(Crawled caption data)
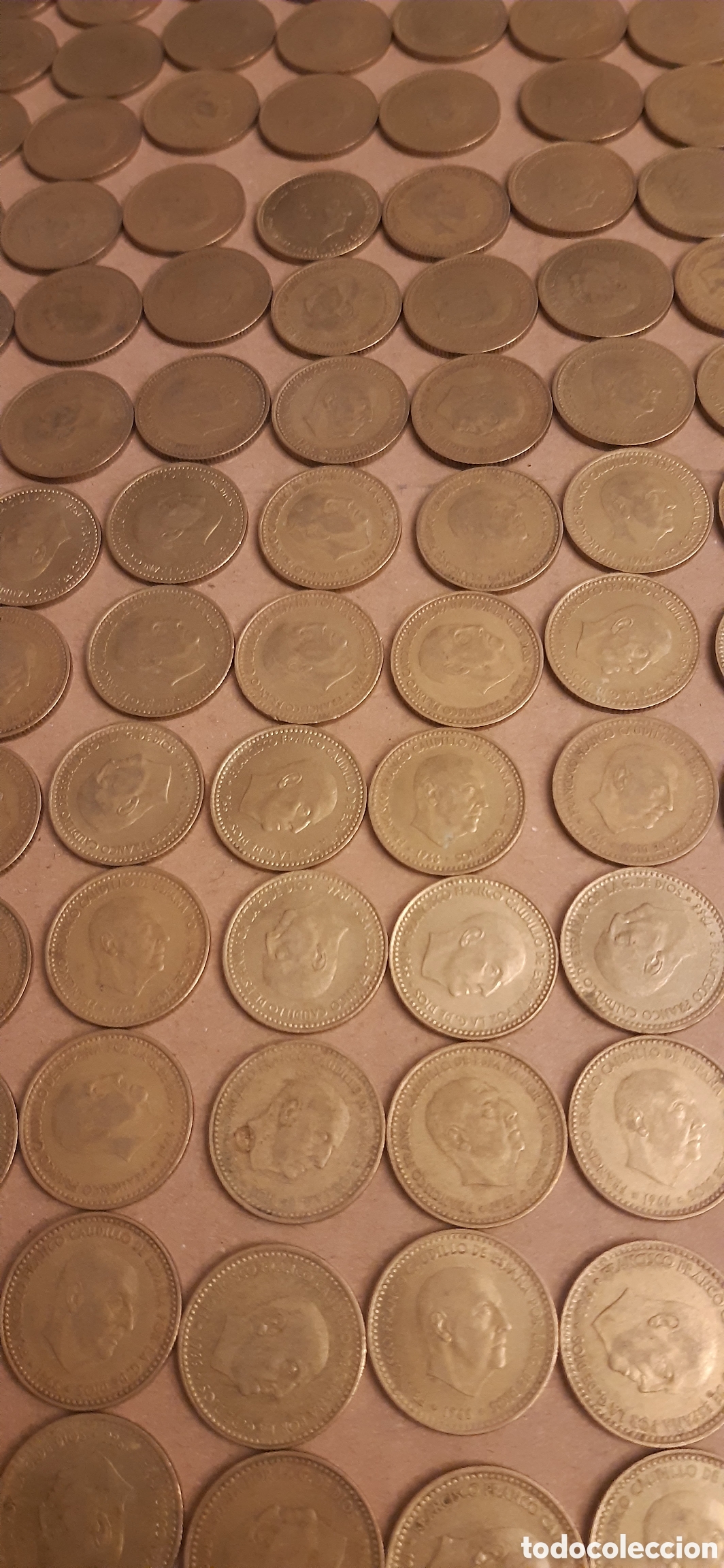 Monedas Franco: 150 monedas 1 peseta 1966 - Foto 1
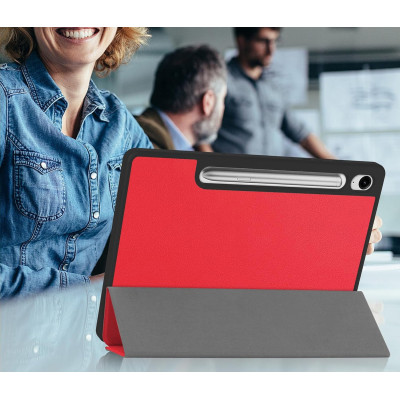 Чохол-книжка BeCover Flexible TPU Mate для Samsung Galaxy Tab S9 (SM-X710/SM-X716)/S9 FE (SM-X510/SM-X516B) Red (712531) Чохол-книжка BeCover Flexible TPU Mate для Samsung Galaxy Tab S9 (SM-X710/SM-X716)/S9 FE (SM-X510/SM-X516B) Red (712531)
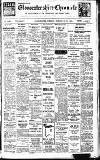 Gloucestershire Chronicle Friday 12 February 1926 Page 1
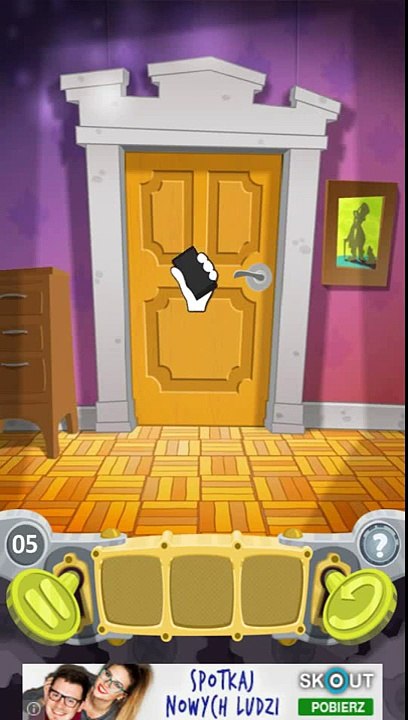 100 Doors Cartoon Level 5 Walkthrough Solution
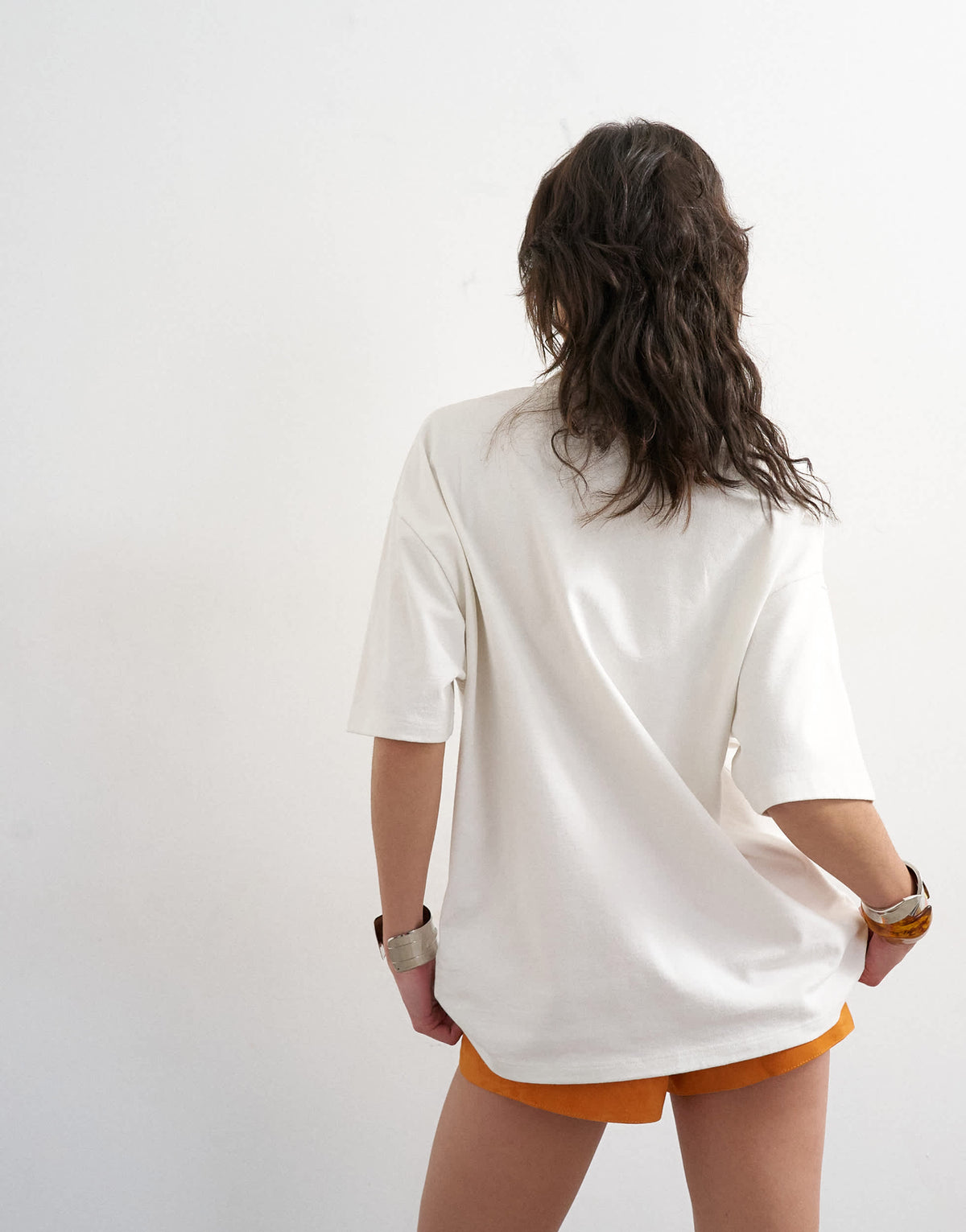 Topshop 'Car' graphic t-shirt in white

# WHAT IS EXPECTED:
Could you repeat the entries word for word, skipping the pictures they contain?

# PROBLEM SOLUTION:
 Monedas Franco: 150 monedas 1 peseta 1966 - Foto 1
 Чохол-книжка BeCover Flexible TPU Mate для Samsung Galaxy Tab S9 (SM-X710/SM-X716)/S9 FE (SM-X510/SM-X516B) Red (712531) Чохол-книжка BeCover Flexible TPU Mate для Samsung Galaxy Tab S9 (SM-X710/SM-X716)/S9 FE (SM-X510/SM-X516B) Red (712531)
 Gloucestershire Chronicle Friday 12 February 1926 Page 1
 100 Doors Cartoon Level 5 Walkthrough Solution
 Topshop 'Car' graphic t-shirt in white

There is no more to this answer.